Sistem Penggodokan Kepemimpinan Nasional
|
KOMPAS,
22 Januari 2016
Pemimpin sejati yang
mumpuni, di tiap negara-bangsa, adalah produk seleksi kumulatif berjenjang
yang bertemu dengan penyerbukan silang antarsistem habitat penggodokan
kader-kader pemimpin.
Setiap sistem habitat
penggodokan kepemimpinan menerapkan tradisi penggemblengan yang khas. Tradisi
penggodokan kepemimpinan dalam rahim ranah adat dan lembaga agama di
Minangkabau dan Bugis, misalnya, jelas berbeda dengan tradisi dalam rahim
makrokosmos budaya dan penghayatan agama di Jawa dan Sunda. Setiap komunitas,
lembaga adat, dan lembaga agama dari sekitar 690 suku Nusantara punya tradisi
penggodokan kepemimpinan sendiri.
Indonesia sebagai
negara-bangsa sesungguhnya bertopang pada ke-690-an suku dan budaya Nusantara
yang tersebar dari Merauke hingga Sabang. Inilah yang menginspirasi Bung
Karno memperkenalkan istilah ’suku-bangsa’ sebagai konsep penghubung antara
’bangsa’, sebagai konsep dan satuan politik, dengan ’suku’ sebagai konsep dan
satuan sosial-budaya.
Menurut Bung Karno,
dengan menggunakan metafora ’meja’ (Yudi Latif dalam Negara Paripurna, 2011),
kebangsaan ibaratnya adalah ’daun-meja’, yang memerlukan kaki-kaki ’suku’
(sikil = kaki, Jawa) sebagai tumpuan. Nilai-nilai kegotongroyongan,
religiositas, dan kerukunan sosial yang saling asih, asah, dan asuh menjadi
rujukan sekaligus saripati ideologi Pancasila.
Tidak hanya itu.
Negara-bangsa Indonesia juga sejak awal mengandalkan benih-benih kader
kepemimpinan dari rahim-rahim sosial-budaya suku-suku dominan, yaitu Jawa,
Sunda, Minang, Madura, Bali, Bugis, Minahasa, Ambon, Banten, Melayu, Batak,
Aceh, Betawi, Dayak, Sasak, Bima, dan keturunan Tionghoa. Suku-suku ini
sangat menonjol menyumbangkan tokoh-tokoh pemimpin nasional dalam hampir
semua bidang kehidupan utama mulai politik, ekonomi, diplomasi,
militer-pertahanan, sampai kesusastraan dan kepujanggaan.
Negara-bangsa
Indonesia adalah puncak pematangan terakhir sekaligus pengguna utama (end-user) dari kader-kader pemimpin
yang sebelumnya telah lulus proses penggodokan dalam tradisi-tradisi yang
dikelola baik oleh komunitas adat/suku, agama, universitas, perusahaan,
pelatihan kemiliteran, juga organisasi massa dan partai politik.
Dalam delapan abad
terakhir, sistem penggodokan kepemimpinan nasional telah jatuh-bangun pada
era: (1) peletakan fondasi, (2) formatif, (3) pemekaran, (4) penghancuran (5)

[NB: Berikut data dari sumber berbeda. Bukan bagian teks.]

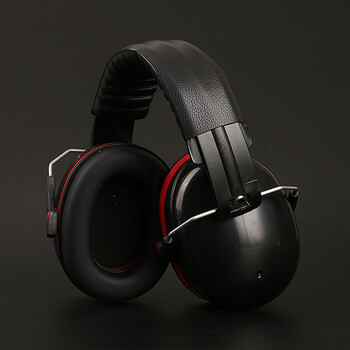 谋福CNMF208防噪音隔音耳罩睡眠用睡觉工业学生专业宿舍侧睡静音降噪耳机 （经典黑 隔音耳罩）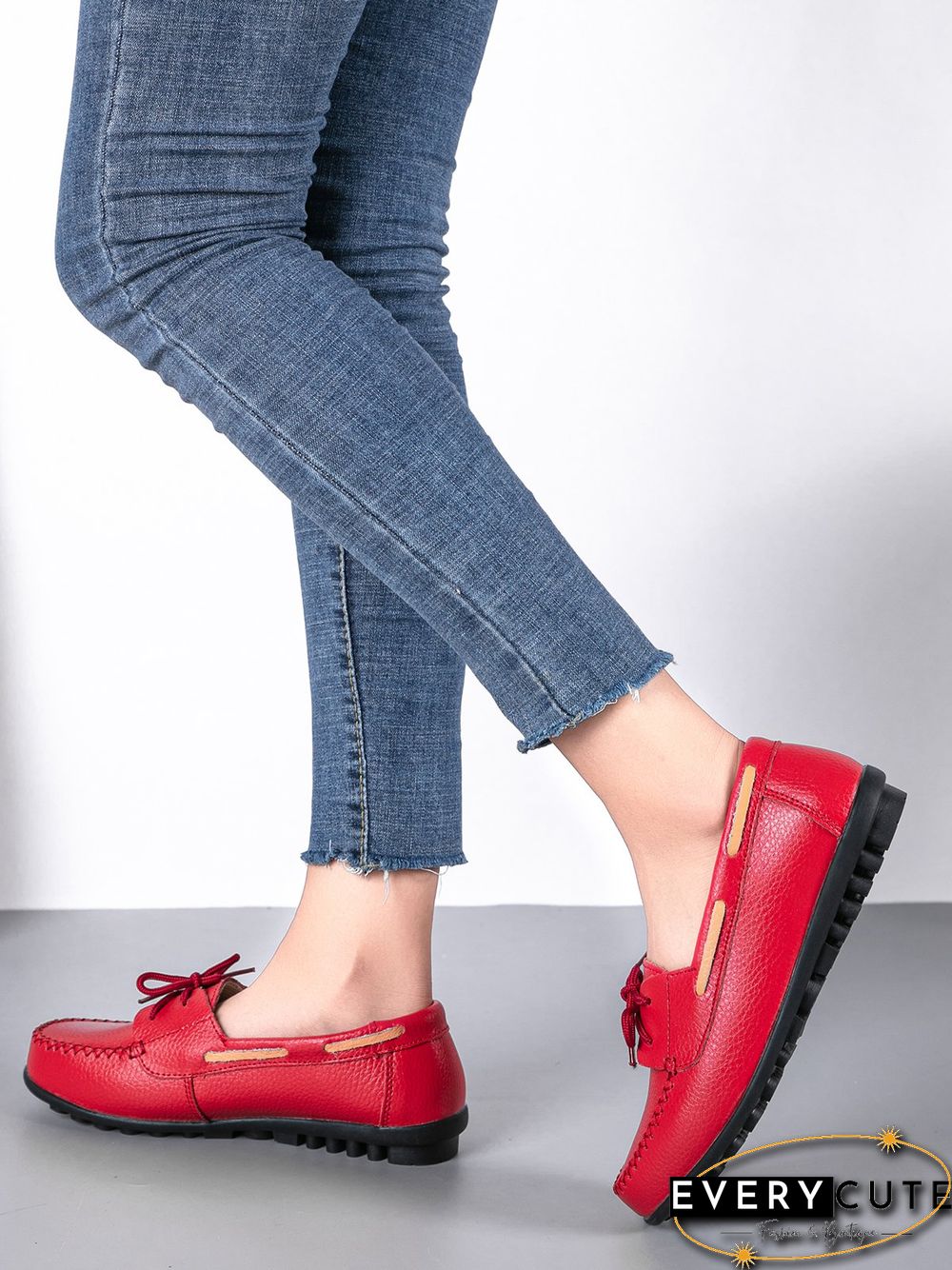 Retro Casual Simple Lace-up Flat Shoes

penistaan sistem, dan (6) peremajaan.
Era peletakan fondasi
Setidaknya sejak abad
ke-13, di Nusantara telah mapan sejumlah tradisi penggodokan kepemimpinan
tradisional, hasil penyerbukan silang adat lokal dengan agama. Kadar
legitimasi para pemuka adat, agama, dan kerajaan berbanding lurus dengan kadar
wawasan, pengetahuan, dan penghayatan norma-norma dan etika tata
pemerintahan. Di atas fondasi nilai, moral dan etika itulah kewibawaan
pemimpin tradisional ditegakkan.
Proses penggodokan
kader- kader pemimpin mengandalkan sistem dan mekanisme kelisanan yang
bertumpu pada kepatuhan magang, nyantri, dan peniruan mimikri. Jati diri
kepemimpinan tradisional ini sangat personal dan patriarkhal.
Rahim-rahim
kemasyarakatan Minang, Aceh, Banten, Bali, Bugis, dan Ternate adalah beberapa
contoh rahim-rahim yang paling berhasil menyerbuksilangkan tradisi adat
dengan agama dalam wadah kerajaan. Seorang pemimpin tradisional saat itu
semakin kokoh wibawa kepemimpinannya bila ia berhasil mendapatkan legitimasi
dari paling kurang dua dari tiga landasan legitimasi ini.
Literasi dan
kesusastraan, terutama yang lisan, berkembang dengan pesat di berbagai
kerajaan. Media penyampaian lewat pantun, gurindam, dan petatah- petitih,
baik dalam perjamuan kekerabatan terbatas maupun perjamuan umum. Tradisi
kesusastraan lisan ini dengan sendirinya memacu warganya mengasah diri dalam
kefasihan artikulasi publik. Inilah keterampilan dasar yang sangat
instrumental bagi kader pemimpin.
Karakter dan sistem
penggodokan kepemimpinan tradisional-patriarkhal kemudian kian mendapat tandingan,
tetapi sekaligus juga diperkaya, oleh perjumpaan-perjumpaan kemaritiman, baik
dengan sesama rahim sosial-budaya Nusantara maupun rahim-rahim mancanegara.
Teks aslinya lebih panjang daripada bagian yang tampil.